Dr. Strangelove or: How I Learned to Stop Worrying and Love the Bomb started out life as a serious contemplative project. He wanted to make a Cold War thriller and Peter George's novel Red Alert was recommended as a possible adaptation. As Kubrick and George worked on a screenplay, however, the surreal comedic aspects of MAD became evident. Interesting legal sidestep: George would later sue the authors of Failsafe for plagiarism, as it's an awful lot like Red Alert. They settled out of court.

Kubrick's comic nightmare is kicked into action by General Jack D. Ripper, a paranoid commander of US bomber wing. Ripper orders his bombers, which are nearly constantly stationed a couple of hours from their Soviet targets, to proceed with an attack. Why? Because of a communist plot to dilute the "precious bodily fluids" of Americans. Needless to say, the Soviets are not attacking. The functionless voice of reason to Ripper's paranoia is a British officer, Lionel Mandrake (Peter Sellers, in the first of three rules), who tries unsuccessfully to recall the bombers.

The action shuttles between Ripper's office, where Mandrake tries to come to terms with the General's insanity; one of Ripper's B-52s heading towards its Soviet target (commanded by a bravura Slim Pickens as the ultimate Texas cowboy); and the War Room, where the president (Sellers again) tries to stop the inevitable, with aid from the not altogether helpful General Turgidson (George C. Scott), who thinks this presents an opportunity to win a war, and the mysterious ex-Nazi scientist, Dr. Strangelove (Selllers once again).

Needless to say, it doesn't end well. By the time Pickens famously rides one of his bombs to the ground like an oversized bronco, the world as we know it will cease to exist. Along the way, we get Turgidson's helpful sense of scale (pushing his scheme to launch a full attack with "acceptable" American casualties of "no more than 10 to 20 million killed, tops ... depending on the breaks") and the president's famous plea to Turgidson while he squabbles with the Soviet ambassador, "Gentlemen, you can't fight in here! This is the War Room."

As you can tell just by the names of the characters, Strangelove is broad satire. It takes all the stereotypical characters one might find in such situations if they were dramas and turns them to 11. Yet, Kubrick never loses sight of the fundamental absurdity of the era. What's more, for all the dark humor, it points out how unbalanced or just ineffective leaders can make a bad situation even worse. Which is partly why Strangelove is as funny - and as terrifying - today as it was back then.

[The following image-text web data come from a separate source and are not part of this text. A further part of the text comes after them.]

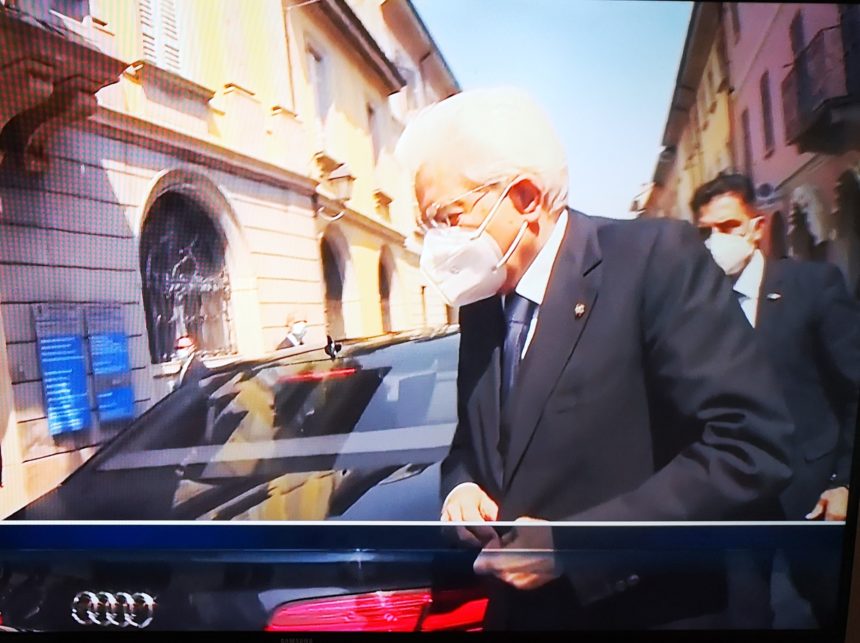 Mattarella a Codogno: “In questi luoghi si ritrova oggi la Repubblica. Da qui vogliamo ripartire”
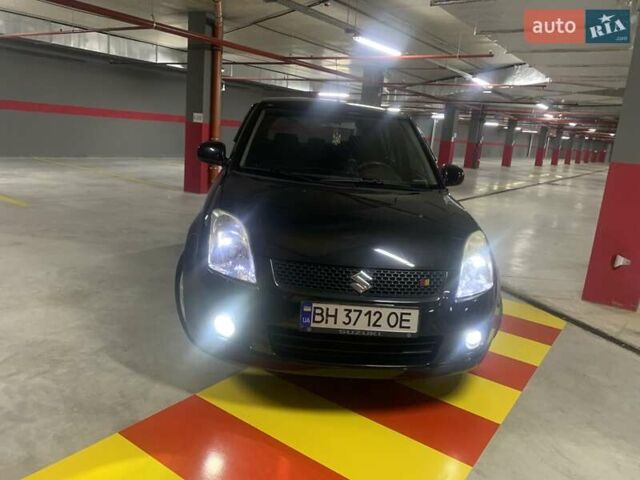 Чорний Сузукі Свифт, об'ємом двигуна 1.33 л та пробігом 123 тис. км за 6000 $, фото 9 на Automoto.ua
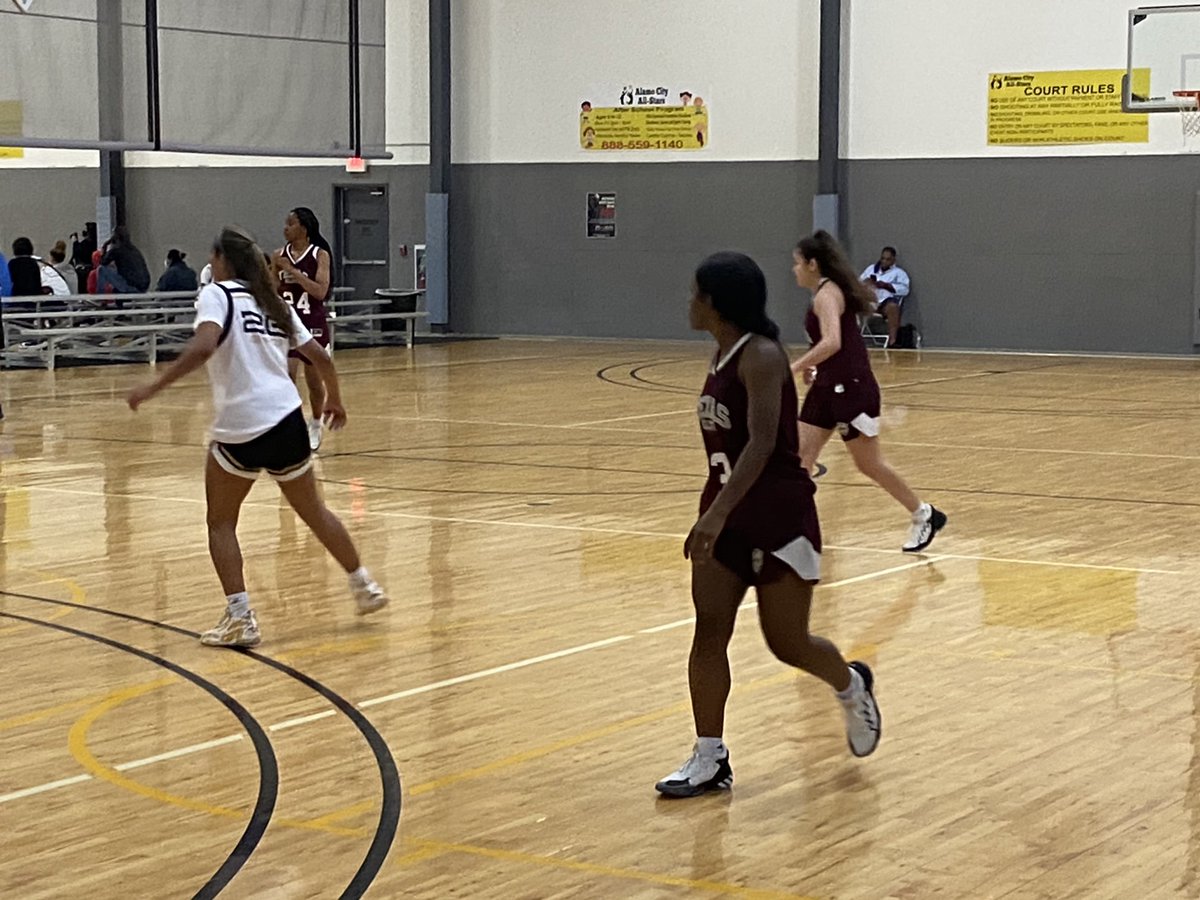 ACH_GBB's tweet photo. 🏀 Game Update!🏀

Young lady can shoot it. ⁦⁦@30_nesha⁩ (2022/Odessa HS) just sank a Trey from the LT wing for ⁦@WaveMakerz432⁩
#ACHGBB #QOTH2021 https://t.co/YLiTOHqCUo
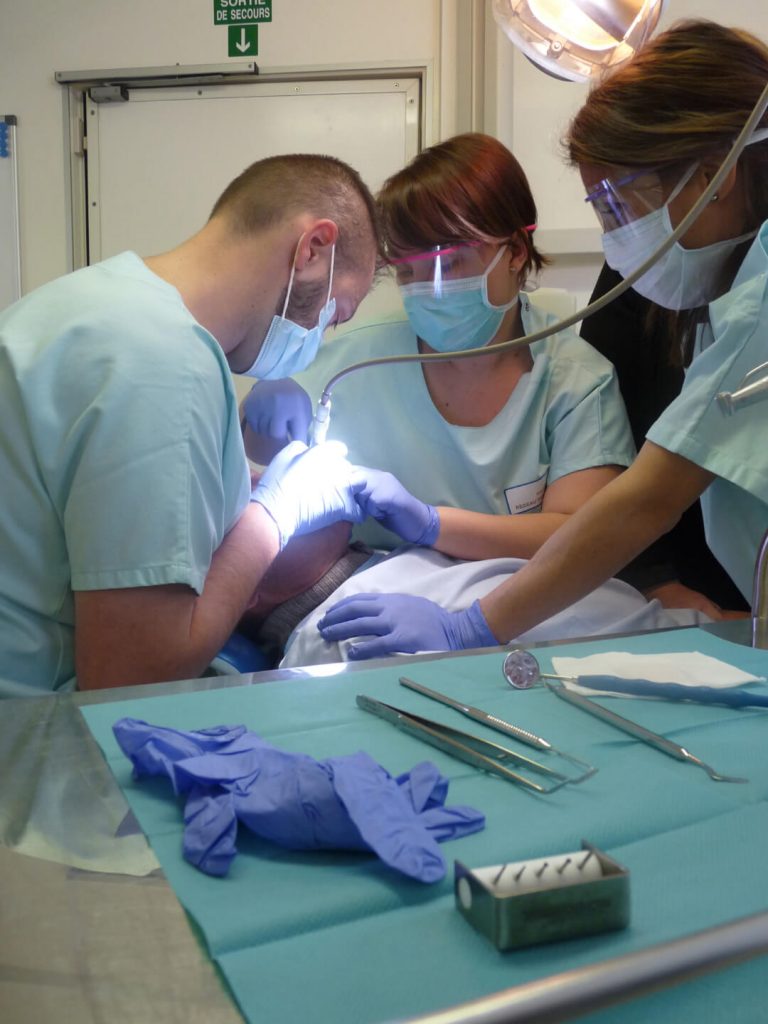 Le Réseau Santé Bucco-Dentaire & Handicap Rhône-Alpes (RSBDH-RA) améliore l’accès à la santé bucco-dentaire des personnes en situation de handicap ou de dépendance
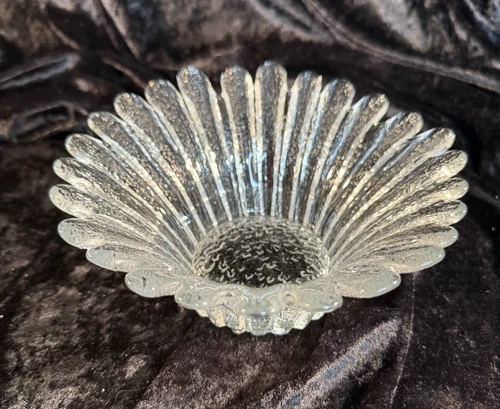 Blenko Art Glass Textured Daisy Bowl 847S Clear Daisy Sunflower 7 x 3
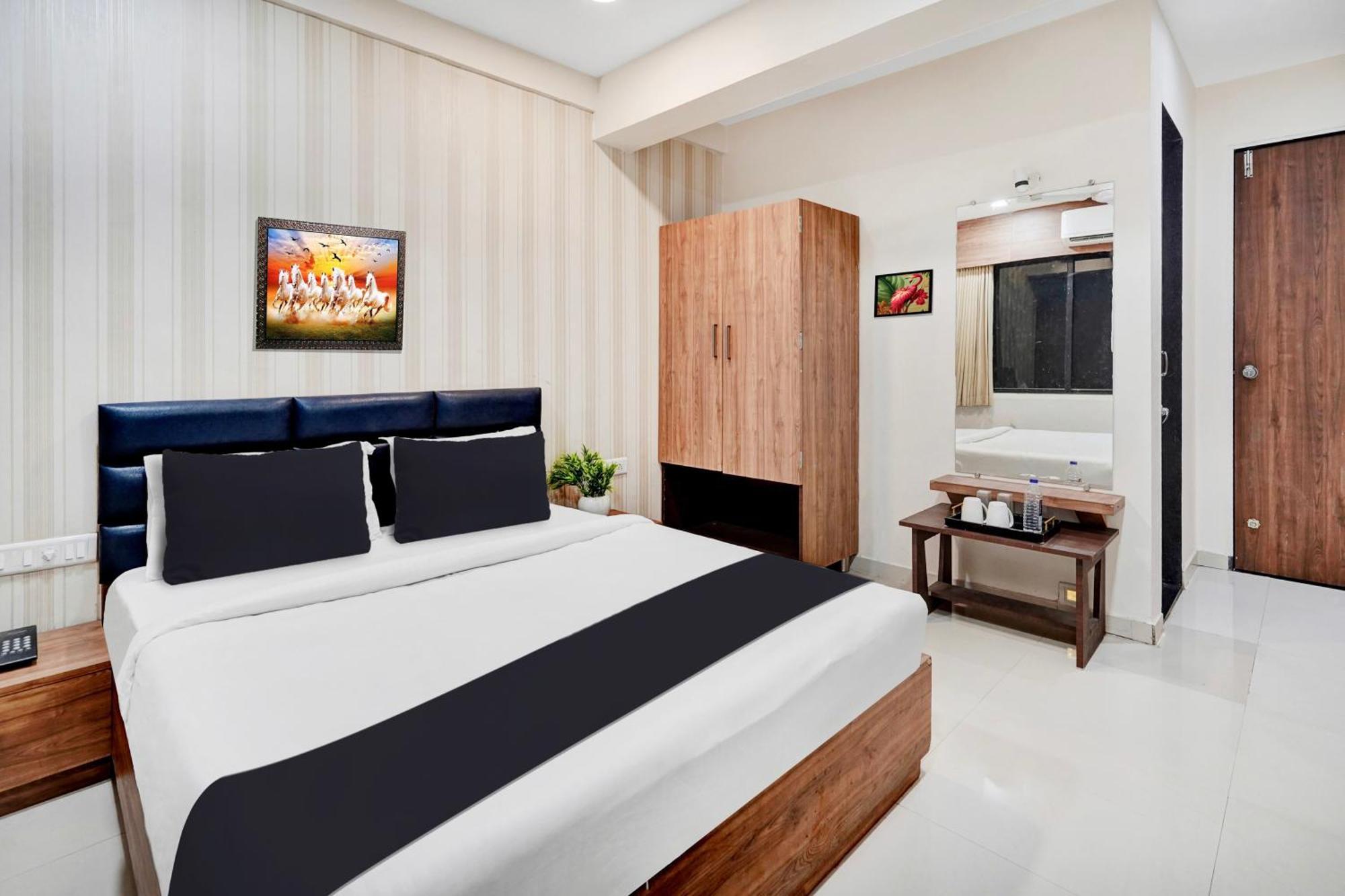 Super Collection O Kudasan Gandhinagar Formerly Hotel Royal Mansion Екстер'єр фото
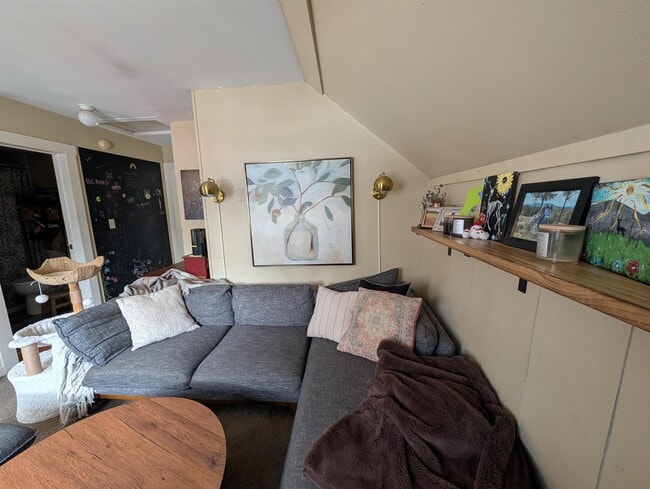 Building Photo - 73 Highland St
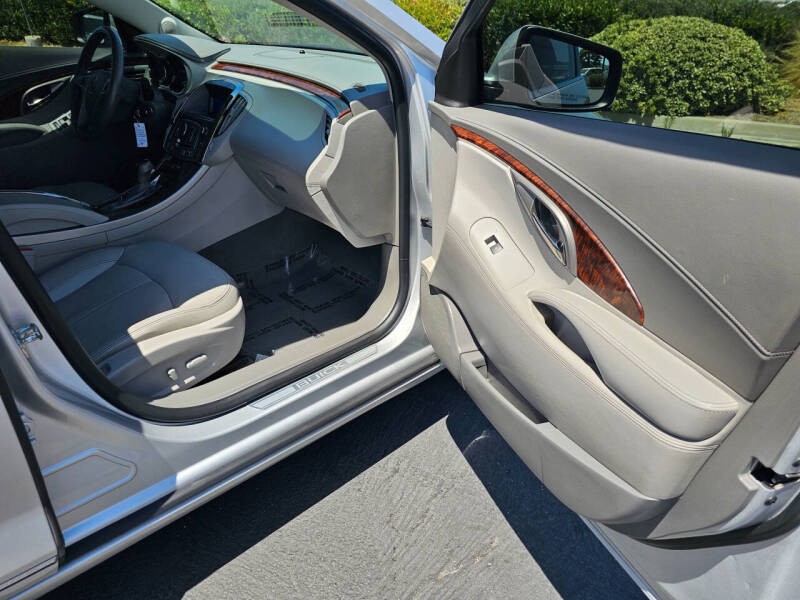 2012 Buick LaCrosse Premium 1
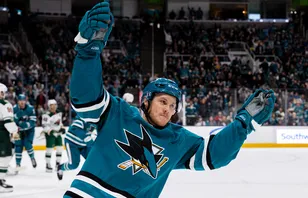 Jeff Skinner flyttar till Schweiz efter 1 110 NHL-matcher.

UPDATE: In his original New York Times review of Strangelove, Bosley Crowther wrote:

Stanley Kubrick's new film, called "Dr. Strangelove or: How I Learned to Stop Worrying and Love the Bomb," is beyond any question the most shattering sick joke I've ever come across.
That's about right.

2 comments:

Paul said...

Strangelove is absolutely brilliant. But I think it remains funny and terrifying only to those of us who lived through some of the Cold War era. I'd guess that anyone Gen Y or younger wouldn't have the proper frame of reference to truly appreciate what Kubrick satirizes in it.

jedijawa said...

It's an awesome film!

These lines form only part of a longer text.